INFORMATION SHOWN »

*** Begin section ***

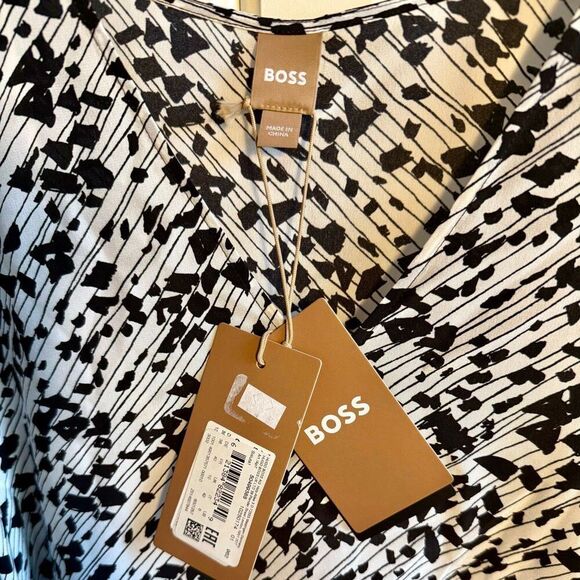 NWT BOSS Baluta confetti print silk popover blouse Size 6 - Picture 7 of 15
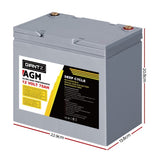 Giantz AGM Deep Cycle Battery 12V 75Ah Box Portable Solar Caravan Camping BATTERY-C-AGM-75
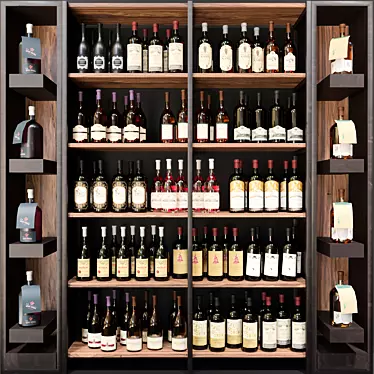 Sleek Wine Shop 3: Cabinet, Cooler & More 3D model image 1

*** End section ***

TASK INSTRUCTIONS » Restate the material above word for word; pictures do not belong in the copy.

YOUR SOLUTION »
 NWT BOSS Baluta confetti print silk popover blouse Size 6 - Picture 7 of 15
 Giantz AGM Deep Cycle Battery 12V 75Ah Box Portable Solar Caravan Camping BATTERY-C-AGM-75
 Sleek Wine Shop 3: Cabinet, Cooler & More 3D model image 1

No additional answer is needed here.